No, Reserve Releases Don’t Count As ‘Number-Fudging’
Some events are as predictable as the sunrise. Sure enough, Bloomberg’s accounting scold, Jonathan Weil, has taken to carping that banks’ earnings lately are of “low-quality” or worse because–and you hear this every cycle–they contain a significant amount of loan-loss reserve releases. He’s just sure he’s on to something. Commenting on a recent a speech by OCC head Thomas Curry, Weil writes that “[Curry] cautioned that some banks seemed to have been ‘scrimping on their allowances against their loan losses,’ which is a fancy way of saying they are fudging their numbers.”
Oh, please. First, I don’t recall Weil or anyone else complaining in 2008 and 2009 that the big reserve additions the banks were booking at the time meant that the resulting reported losses were somehow not real.

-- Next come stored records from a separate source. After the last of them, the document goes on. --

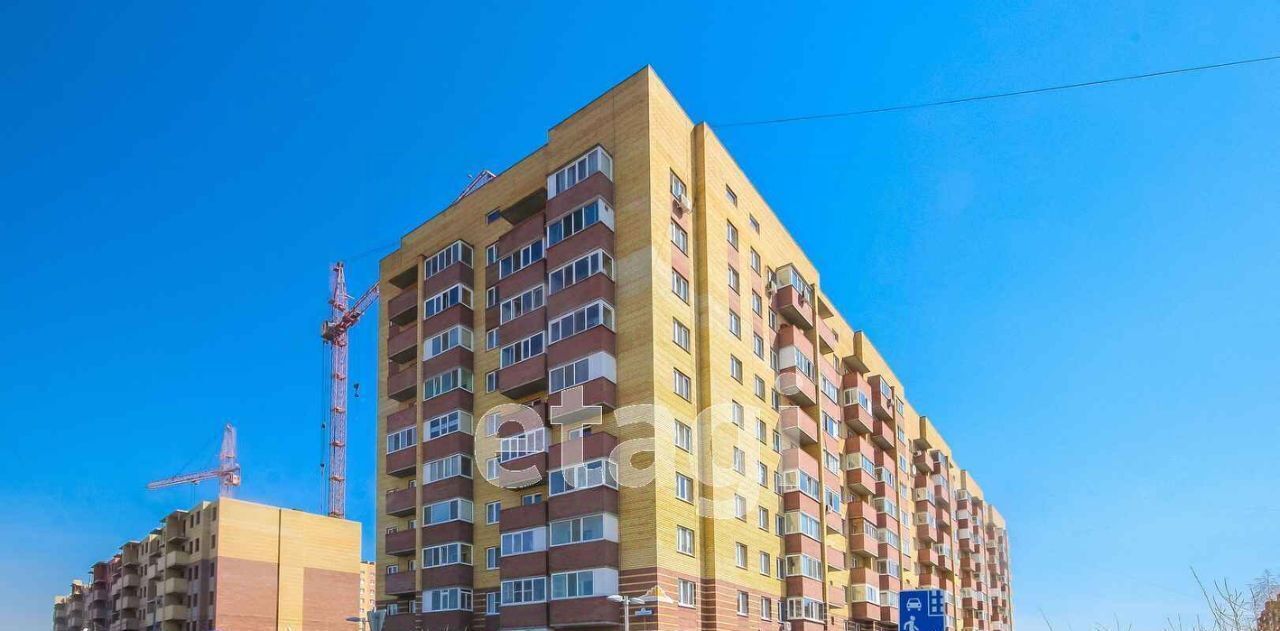 квартира г Тюмень п Мелиораторов р-н Центральный ул Голышева 4 фото 3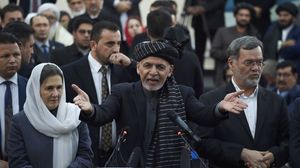الحكومة الأفغانية كانت عبرت عن قلها من الاتفاق بين واشنطن وحركة طالبان - جيتي 
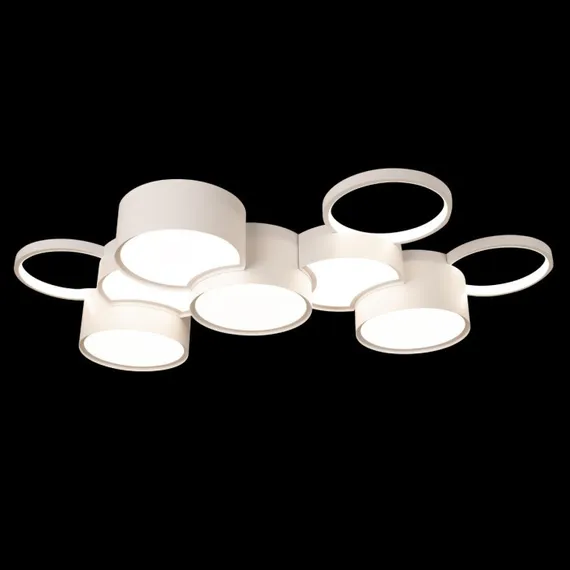 Потолочный светильник Pin 10317/9 White Loft It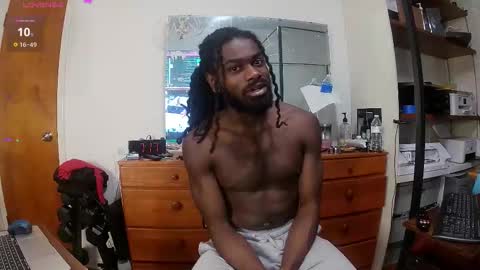 BlaqJay online show from February 19, 2026, 12:17 am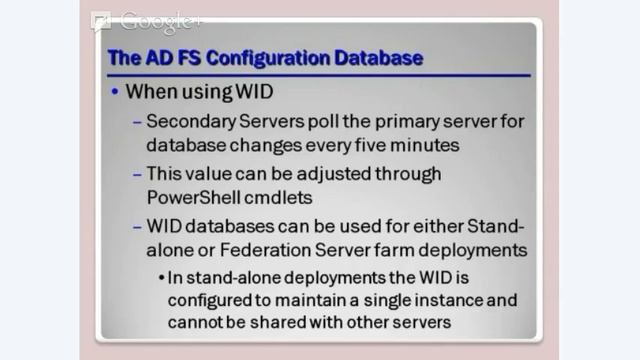 70-640 Active Directory Chapter 17 смотреть онлайн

Come to think of it, my recollection is that the Jonathan Weils of the world took those mid-crisis loss-reserve additions as evidence the banking industry was at risk of collapse. Which, in fact, it was. Five years on, we now know that that banks over-reserved at the bottom the way they always do, and are making adjustments. As I say, it happens every cycle.
More to the point, if Weil believes the problem is bad as Curry seems to think (“fudging their numbers”!), why doesn’t simply pontificate that Curry should do his job and tell the banks to cut out the monkey business. Curry is the Comptroller of the Currency! Bossing banks around is what he does.
Except that on this issue, the regulators will stand pat. Reason: banks have a lot less discretion in setting (or releasing) their reserves than most people, even Bloomberg columnists, seem to realize. The accounting rules on reserving are pretty clear, and don’t leave a lot of wiggle room. Meanwhile, I’ve never quite understood what people mean when they say that certain types of earnings are “low-quality.” One hundred cents on the dollar counts as 100 cents on the dollar, after all. And considering what the banking business was going through when those reserve additions were put on the books, their release now should be seen as something of a triumph. But number-fudging? No way.
What do you think? Let me know!
24 Responses to “No, Reserve Releases Don’t Count As ‘Number-Fudging’”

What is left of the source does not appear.